When burned out incandescent lamps threatened to disrupt the delivery of safe water to customers along the California Aqueduct, the Castaic Lake Pressure Control Structure replaced nearly 500 incandescent lamps in the facility’s control panels with Light Emitting Diode (LED) lamps from LEDtronics, a premier supplier of LED lighting solutions. LED lamps resolved not only the station’s lamping woes, but also reduced maintenance and energy costs to save thousands of dollars.

The California Aqueduct transports water over 400 miles from the Oroville Dam, located north of Sacramento, to the arid plains of Southern California. Care of this essential system rests with the Metropolitan Water District (MWD), a group of 26 cities and water districts that provides drinking water to nearly 17 million people in parts of Los Angeles, Orange, San Diego, Riverside, San Bernardino and Ventura counties.

The Castaic Lake Pressure Control Structure helps to maintain consistent water delivery along the line. Machinery and process controls within the facility feature lighted operator and indicator panels. At any given time as many as one third of the incandescent lamps were out, leaving operators in the dark about the status of critical processes.

With the urgency to take preventative measures before failed bulbs compromised the water supply, the Metropolitan Water District turned to LEDtronics for help. LEDtronics manufactures thousands of LED products ranging from discrete surface mount indicators to direct incandescent replacement LED lamps for such applications as traffic signals, panel indication, emergency lighting and decorative lighting.

LEDtronics sales representative Wayne Fischer visited the facility with a variety of LED lamps (part numbers FF200, SLF464, WF200 and BF321) to demonstrate their brightness, vivid color and performance. While fragile metal filaments and glass globes make incandescent lights vulnerable to damage from mechanical vibrations and electrical shocks, LEDs’ robust, solid-state construction withstands the harshest industrial conditions.
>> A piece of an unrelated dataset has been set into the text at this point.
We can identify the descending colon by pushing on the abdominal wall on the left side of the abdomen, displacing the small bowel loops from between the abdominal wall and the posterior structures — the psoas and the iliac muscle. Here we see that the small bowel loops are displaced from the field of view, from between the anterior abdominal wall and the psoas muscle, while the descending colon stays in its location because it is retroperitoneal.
An LED is made from semiconductor materials, encased in a solid epoxy lens, that generate light at a specific wavelength when current is applied. LEDs come in visible (400 – 700 nanometers) and infrared (830 – 940 nanometers) wavelengths as well as white light. In fact, when white LED lamps were installed behind the milky-white lenses of annunciator panels, the appearance of the panels transformed from antique yellow to bright white to the delight of the facility’s operators.

Enthusiasm turned to hesitation when the MWD compared the price of the LED lamps with equivalent incandescent lamps. Fischer eased their concern by using the Energy Calculator available on the LEDtronics website (www.LEDtronics.com) to show that the investment would be returned within less than two months (0.14 years) from the savings resulting from reduced power consumption alone. Based on a quantity of 500 lamps, a 100,000-hour lamp life and an electric rate of $0.08kwh, LED lamps will save $98,200 ($1,100 per lamp) in power costs over the course of their operating lives. This comes out to an annual savings of $1,145 for 500 LED lamps. Total annual energy saved is 4774kwh per 500 lamps.
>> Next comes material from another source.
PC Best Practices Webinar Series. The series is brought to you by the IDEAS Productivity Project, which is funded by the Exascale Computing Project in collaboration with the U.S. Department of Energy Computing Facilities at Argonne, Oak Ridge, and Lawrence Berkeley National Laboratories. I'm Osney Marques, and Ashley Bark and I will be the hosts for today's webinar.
Up front incandescent lamps are inexpensive, a few dollars at the most. However, it’s the back end expenses like maintenance and labor that add up. Take for instance replacing failed bulbs: Depending on what it costs to pay a maintenance worker, even if it’s just for 15 minutes, that $0.50 incandescent lamp may cost thirty times that much! With an average 11-year operating life, LEDs last 30 – 50 times longer than any incandescent lamp.

Fueled by the success of relamping the Castaic Lake Pressure Control Structure, the MWD is incorporating LED lamps into its comprehensive energy management strategy. The MWD intends to retrofit six filtration plants, which each use 3000 lamps, in addition to three other pressure control structures. Installation of LED lamps improves the reliability of the water delivery infrastructure on which the people of Southern California depend. And, just importantly, the energy-efficiency and maintenance-free nature of LEDs helps to keep water affordable for revenue-strapped municipalities even as water supplies become scarcer and demand increases.